This horror movie from Netflix is a muddled marriage of progressive politics and retrograde style.
Commendably diverse and deplorably unscary, Patrick Brice’s teen-slasher movie, “There’s Someone Inside Your House,” attempts to both update and bow to a genre that peaked decades ago. But in trying to have it both ways, Brice has created a messy, overstuffed parody of moral policing that squanders the promise of its cleverly executed opening.
That sequence, genius in its simplicity (and the only one to truly justify the film’s title), shows the slaying of a high-school quarterback who brutally hazed a gay teammate. Barely has the deceased’s homophobia been broadcast to the stunned student body when their racist president is also whacked. As the killings — and, arguably more terrifying, online exposures — continue, the movie watches from the viewpoint of a clique of social outcasts led by Makani (Sydney Park, alternating between dazed and woebegone), a transfer student with a traumatic past.

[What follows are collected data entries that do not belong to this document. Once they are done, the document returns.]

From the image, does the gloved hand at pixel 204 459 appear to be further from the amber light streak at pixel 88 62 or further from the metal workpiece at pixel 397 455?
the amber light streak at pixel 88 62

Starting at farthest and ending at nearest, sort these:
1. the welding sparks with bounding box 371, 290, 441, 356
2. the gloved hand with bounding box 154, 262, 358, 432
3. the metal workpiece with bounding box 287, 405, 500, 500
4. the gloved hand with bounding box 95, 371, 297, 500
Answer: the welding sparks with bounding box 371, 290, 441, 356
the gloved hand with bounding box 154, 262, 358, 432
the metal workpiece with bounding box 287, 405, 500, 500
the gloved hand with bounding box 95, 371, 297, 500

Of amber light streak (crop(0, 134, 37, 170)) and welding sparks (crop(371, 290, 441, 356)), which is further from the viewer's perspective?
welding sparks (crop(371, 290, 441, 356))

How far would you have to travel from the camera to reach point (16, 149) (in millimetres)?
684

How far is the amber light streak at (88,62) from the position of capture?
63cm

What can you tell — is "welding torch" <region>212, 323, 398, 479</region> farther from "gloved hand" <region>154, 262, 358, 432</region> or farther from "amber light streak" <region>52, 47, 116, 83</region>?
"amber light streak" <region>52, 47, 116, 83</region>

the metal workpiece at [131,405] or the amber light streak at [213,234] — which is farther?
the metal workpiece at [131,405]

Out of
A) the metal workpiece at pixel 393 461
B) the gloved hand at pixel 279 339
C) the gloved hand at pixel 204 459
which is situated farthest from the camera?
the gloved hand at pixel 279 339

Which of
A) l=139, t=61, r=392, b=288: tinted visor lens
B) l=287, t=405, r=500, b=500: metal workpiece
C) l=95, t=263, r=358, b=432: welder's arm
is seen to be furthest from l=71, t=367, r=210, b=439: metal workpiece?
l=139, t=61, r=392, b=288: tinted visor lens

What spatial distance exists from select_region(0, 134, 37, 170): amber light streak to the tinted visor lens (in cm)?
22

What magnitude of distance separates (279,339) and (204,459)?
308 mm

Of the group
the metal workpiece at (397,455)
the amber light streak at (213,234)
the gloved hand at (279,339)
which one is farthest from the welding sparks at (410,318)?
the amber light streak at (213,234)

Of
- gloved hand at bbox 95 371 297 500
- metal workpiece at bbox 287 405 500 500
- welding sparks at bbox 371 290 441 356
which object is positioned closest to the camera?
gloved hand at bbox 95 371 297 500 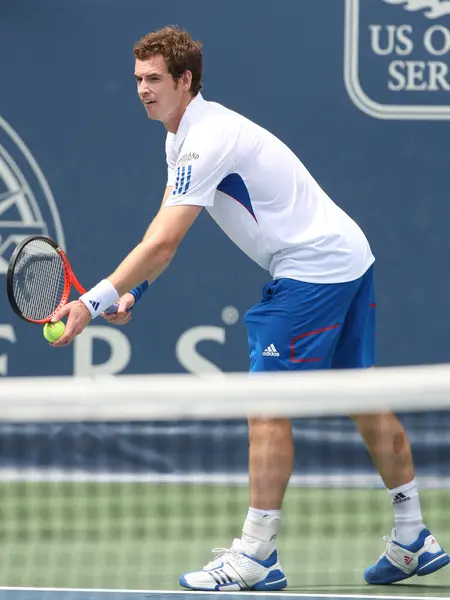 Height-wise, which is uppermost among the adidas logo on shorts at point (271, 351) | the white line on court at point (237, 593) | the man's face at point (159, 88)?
the man's face at point (159, 88)

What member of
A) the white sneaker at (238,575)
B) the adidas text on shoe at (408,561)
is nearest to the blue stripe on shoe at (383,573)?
the adidas text on shoe at (408,561)

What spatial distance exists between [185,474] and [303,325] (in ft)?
4.12

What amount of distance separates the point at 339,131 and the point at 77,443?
1.71 meters

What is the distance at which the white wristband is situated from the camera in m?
3.83

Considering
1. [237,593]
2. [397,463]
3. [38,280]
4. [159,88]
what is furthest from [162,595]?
[159,88]

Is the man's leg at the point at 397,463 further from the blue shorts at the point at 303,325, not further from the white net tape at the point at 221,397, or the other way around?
the white net tape at the point at 221,397

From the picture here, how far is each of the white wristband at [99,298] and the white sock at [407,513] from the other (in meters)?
0.93

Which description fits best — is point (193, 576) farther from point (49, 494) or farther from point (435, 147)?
point (435, 147)

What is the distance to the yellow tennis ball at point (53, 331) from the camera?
395 cm

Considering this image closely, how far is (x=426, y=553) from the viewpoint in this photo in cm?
409

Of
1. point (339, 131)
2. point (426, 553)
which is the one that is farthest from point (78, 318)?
point (339, 131)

Set in small-town Nebraska and adapted from Stephanie Perkins’s novel of the same name, Henry Gayden’s screenplay chokes on immaterial plot strands — like police privatization and the evils of agribusiness — and bland characters. The sole standout is Théodore Pellerin as the prime suspect and Makani’s secret hookup: Dancing on the line between creepy and sexy, Pellerin never misses a step.
The same can’t be said for a story that, disastrously, allows Makani’s barely relevant personal issues to elbow those of the killer off the screen. They also muffle the plot’s smartest touches, like a party where students pre-empt an attack by confessing their darkest secrets. Or the killer’s habit of wearing masks resembling each victim’s face, making them quite literally casualties of their own actions. It’s the movie’s best joke.
There’s Someone Inside Your House
Not rated. Running time: 1 hour 36 minutes. Watch on Netflix.